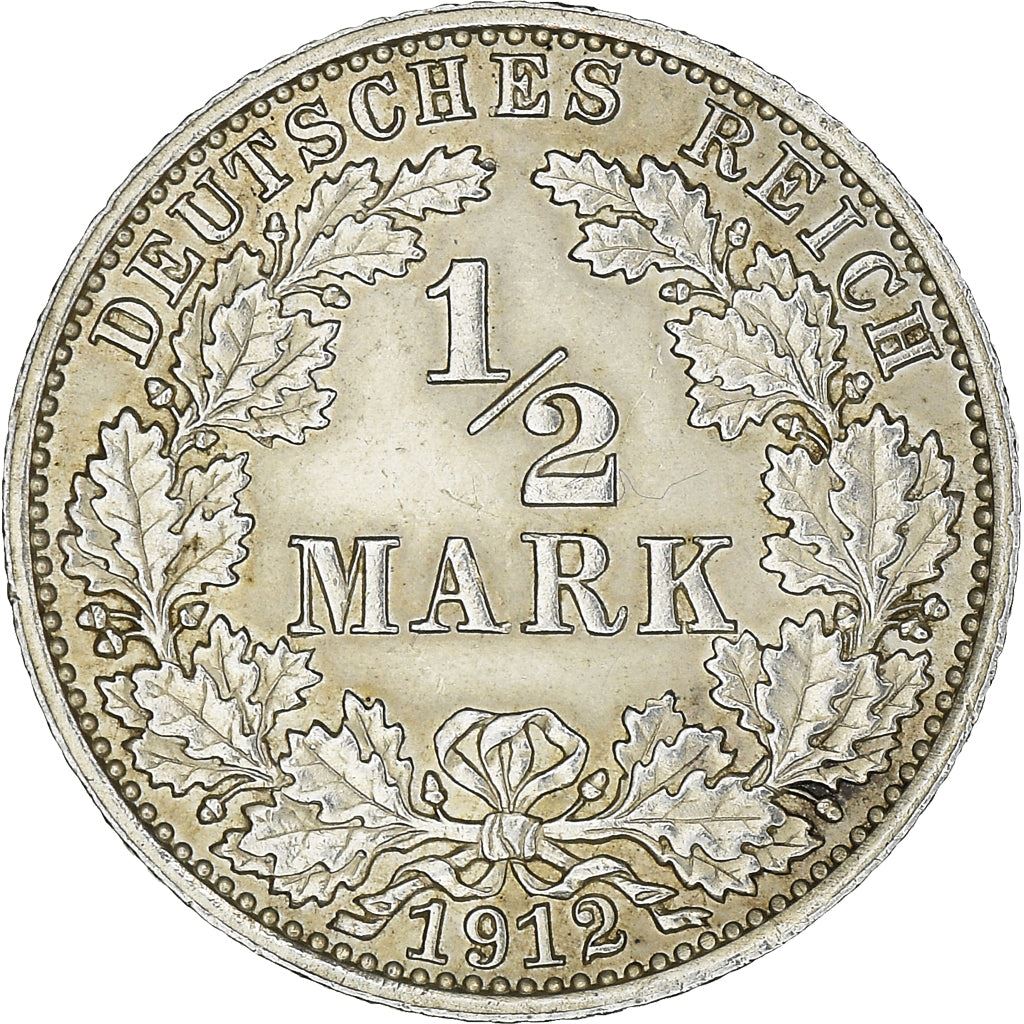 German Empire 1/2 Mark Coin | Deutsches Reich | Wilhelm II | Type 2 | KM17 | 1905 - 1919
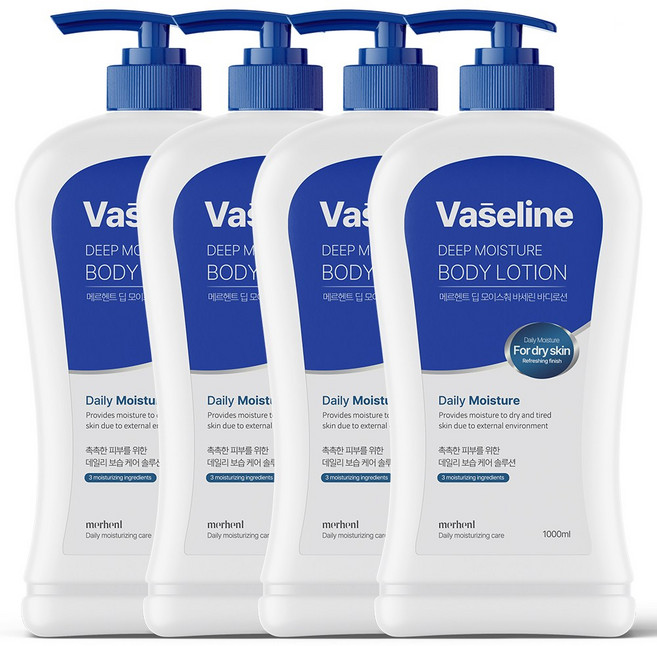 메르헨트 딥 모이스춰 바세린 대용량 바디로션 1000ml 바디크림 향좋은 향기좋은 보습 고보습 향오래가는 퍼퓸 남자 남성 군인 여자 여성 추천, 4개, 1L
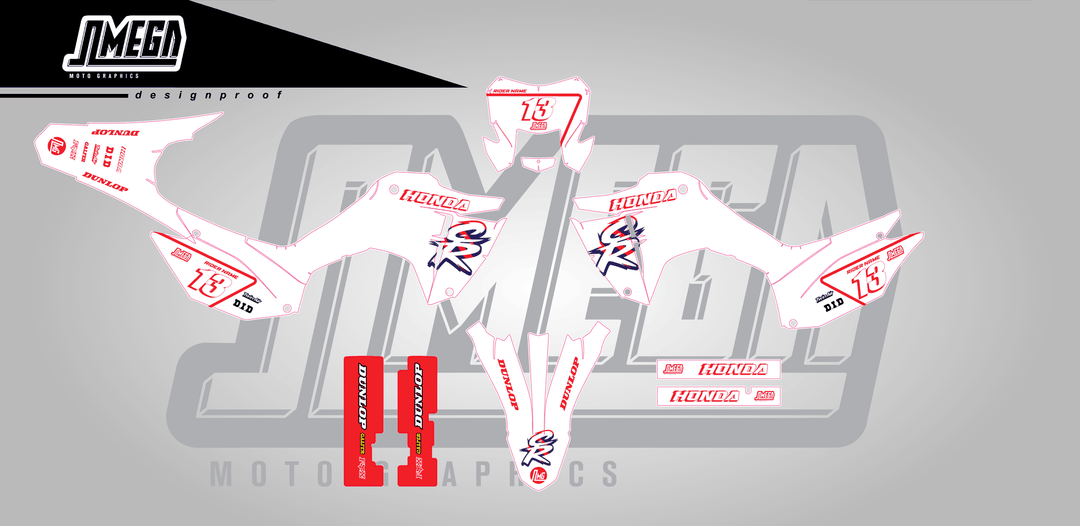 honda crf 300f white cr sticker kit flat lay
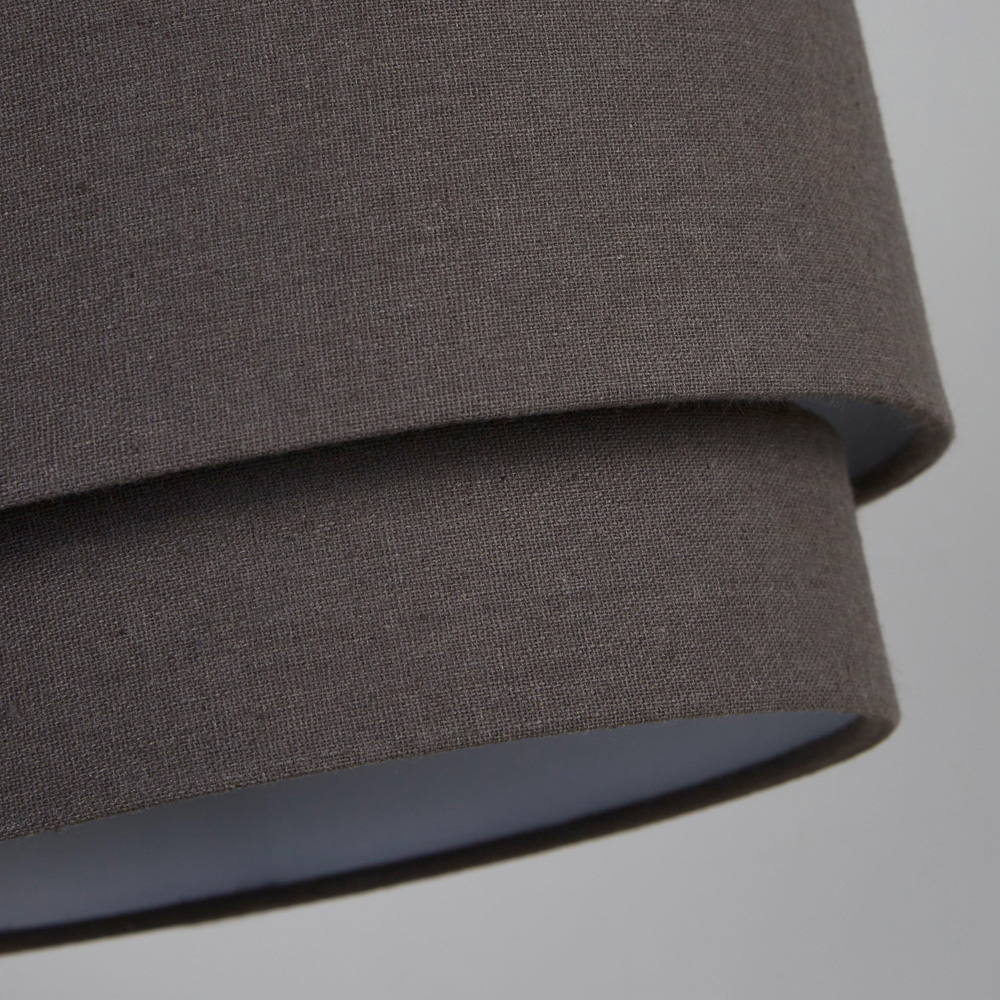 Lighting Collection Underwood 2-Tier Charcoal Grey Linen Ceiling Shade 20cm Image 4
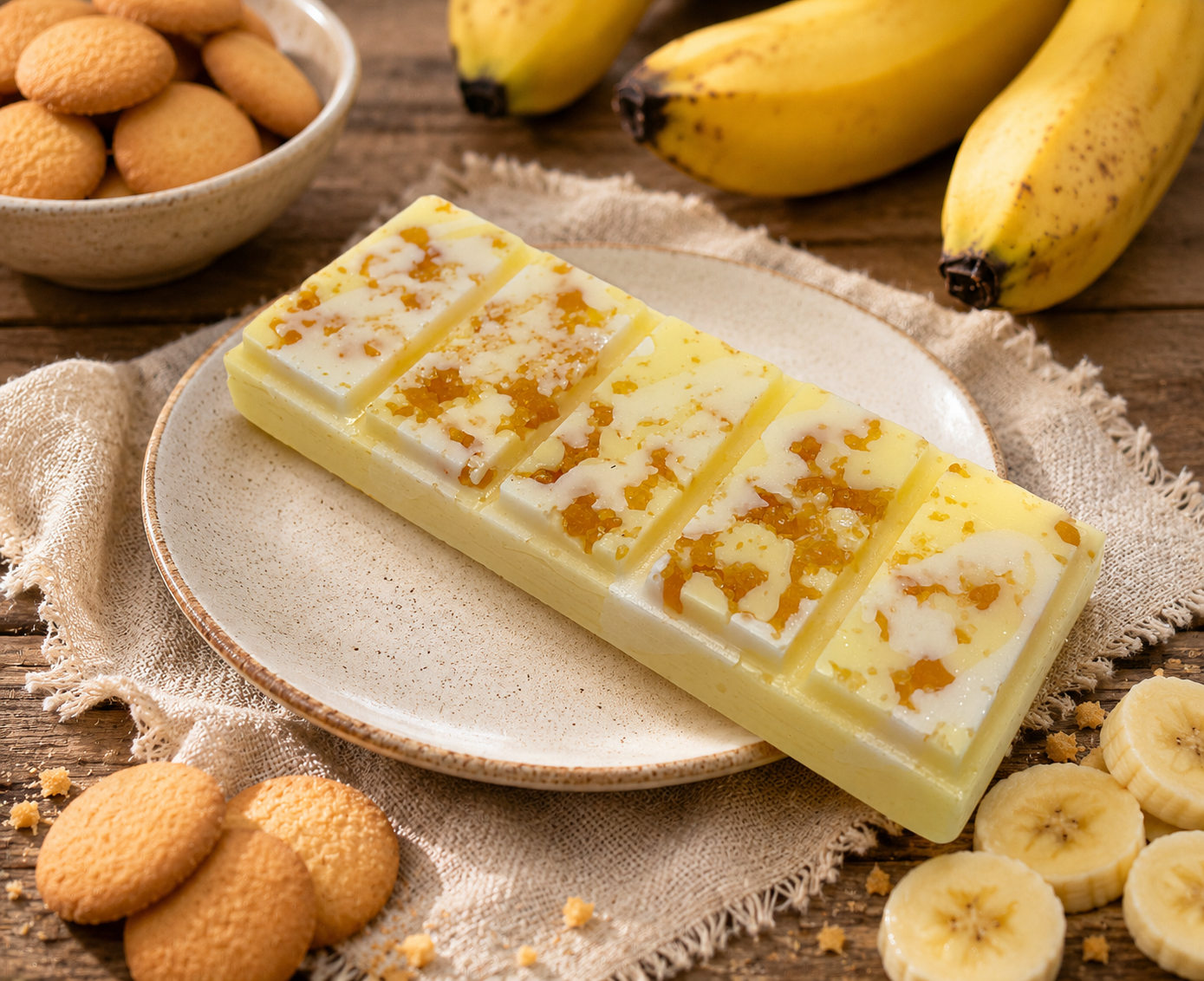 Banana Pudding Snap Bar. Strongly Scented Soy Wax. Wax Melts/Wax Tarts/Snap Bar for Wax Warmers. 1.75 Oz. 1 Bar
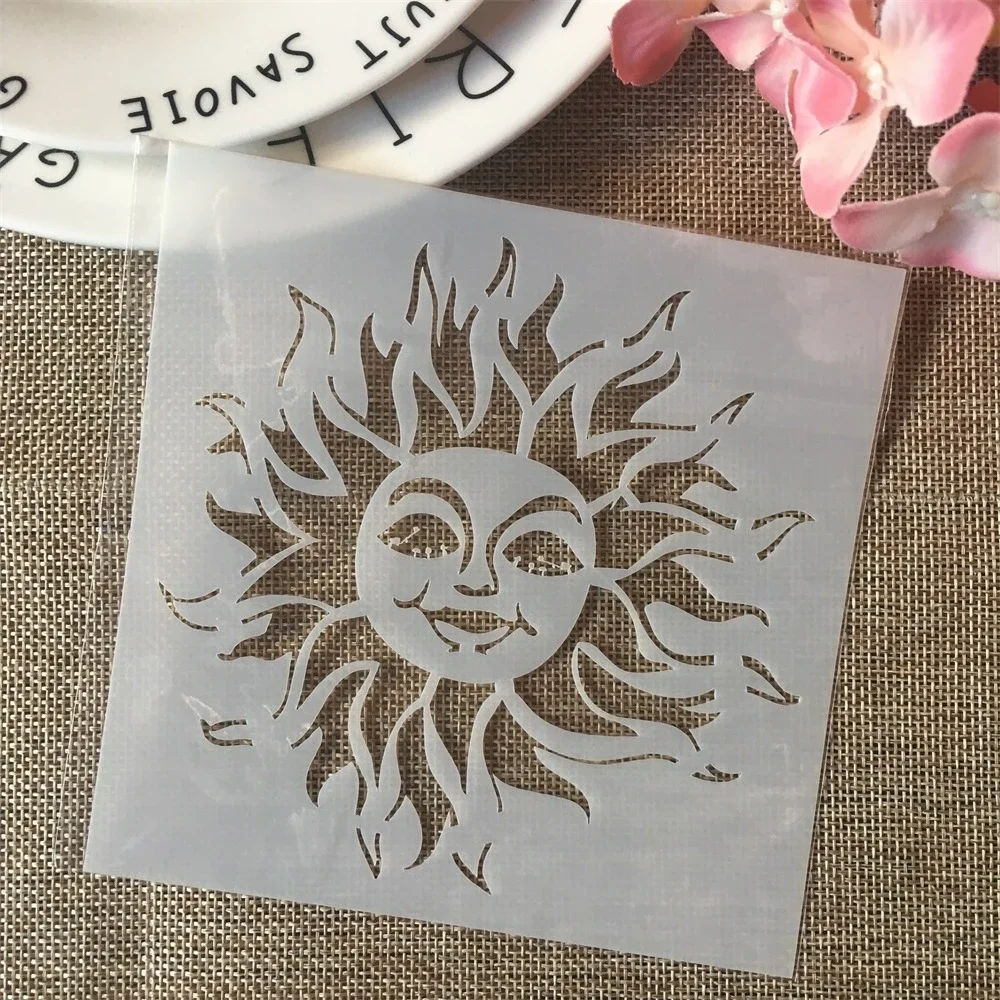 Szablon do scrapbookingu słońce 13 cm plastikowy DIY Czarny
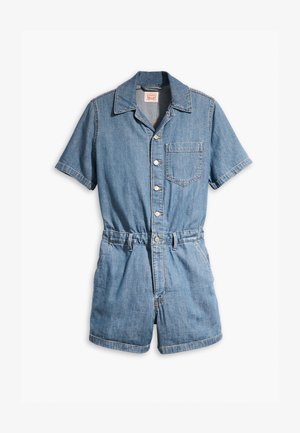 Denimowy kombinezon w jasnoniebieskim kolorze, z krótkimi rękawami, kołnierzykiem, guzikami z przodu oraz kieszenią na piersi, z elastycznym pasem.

__________

> _Requirement_:
The lines from the one containing "Szablon do scrapbookingu" through the last line above are to be repeated exactly, and only those. Any pictures must be left out.

> _Response to the exercise_:
 Szablon do scrapbookingu słońce 13 cm plastikowy DIY Czarny
 Denimowy kombinezon w jasnoniebieskim kolorze, z krótkimi rękawami, kołnierzykiem, guzikami z przodu oraz kieszenią na piersi, z elastycznym pasem.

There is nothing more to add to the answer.